Полная версия
Discrete Math. For students of technical specialties
1.23. The principle of duality
In Boolean algebras, there are dual statements; they are either true or false at the same time. Namely, if in a formula that is true in some Boolean algebra, change all conjunctions to disjunctions, 0 to 1, ≤ to ≥ and vice versa, then we get a formula that is also true in this Boolean algebra. f (x1,x2,…,xn) ∈ Pn
f (x1,x2,…,xn) = f (x1,x2,…,xn) is the dual function f.

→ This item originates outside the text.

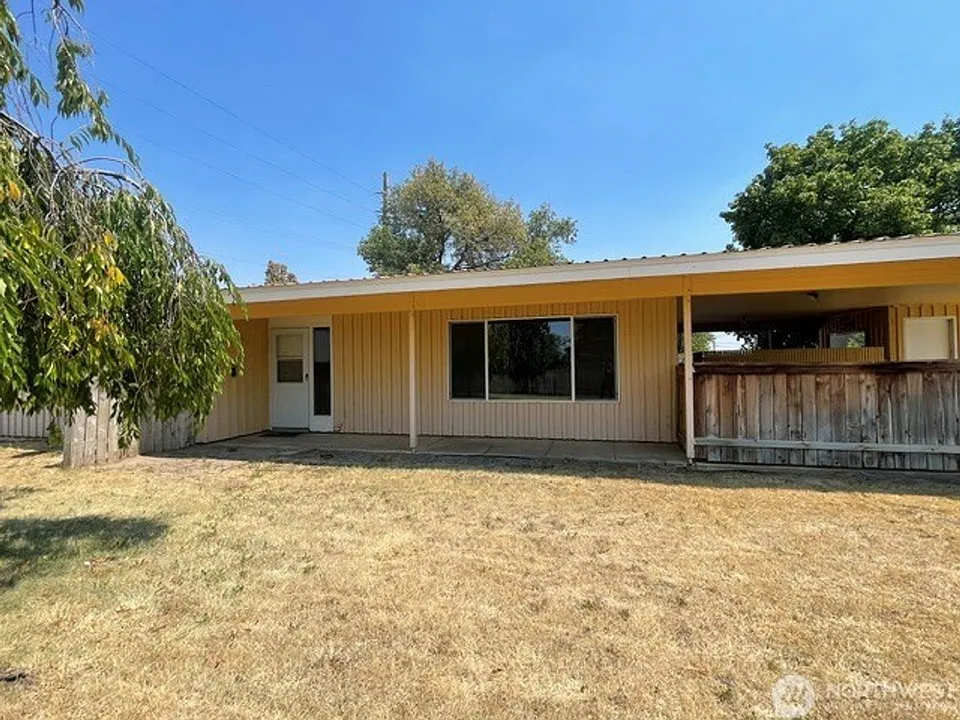 511 Castle Dr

Theorem: duality is foreign-valued: (f*) *=f
Proof: f* = f (x1,x2,…,xn)
(f*) *=f (x1,x2,…,xn) def= f (x1,x2,…,xn)
THEOREM IS PROVED.
A function is called self-dual if f*=f.
Theorem: let φ (x1,x2,…,xn) be realized by the formula:
f (f1 (x1,x2,…,xn),…,fn (x1,x2,…,xn))
then the formula :
f* (f1* (x1,x2,…,xn),…,fn* (x1,x2,…,xn))
implements the function:
φ (x1,x2,…,xn)
Proof: φ* (x1,…,xn) =φ (x1,…,xn) =φ (x1,…,xn) =f (f1 (x1,…,xn),…,fn (x1,…,xn)) =f (f1 (x1,…,xn),…,fn (x1,…,xn)) = f (f1* (x1,…,xn),…,fn* (x1,…,xn)) =f* (f1* (x1,…,xn),…,fn* (x1,…,xn))
THEOREM IS PROVEN.
Corollary: Ф1=Ф2⇒ Ф1*=Ф2*.
Further, proving a theorem, by the principle of duality we immediately get a dual theorem: x1 ∨ x2= x1 ∧ x2
x1 ∧ x2= x1 ∨ x2
By normal form we mean a syntactically unique way of writing a formula. We introduce a special kind of entry: xy=x ≡ y, if x = y, xy=1, if x ≠ y, xy=0
The decomposition theorem of a Boolean function can be represented as a disjunctive conjunction of conjunction: f (x1,x2,…,xm, xm+1,…,xn) =||= δ1, δ2,…,δmx1δ ∧ x2δ ∧…∧ xmδm ∧ f (δ1, δ2,…,δm, xm+1,…,xm)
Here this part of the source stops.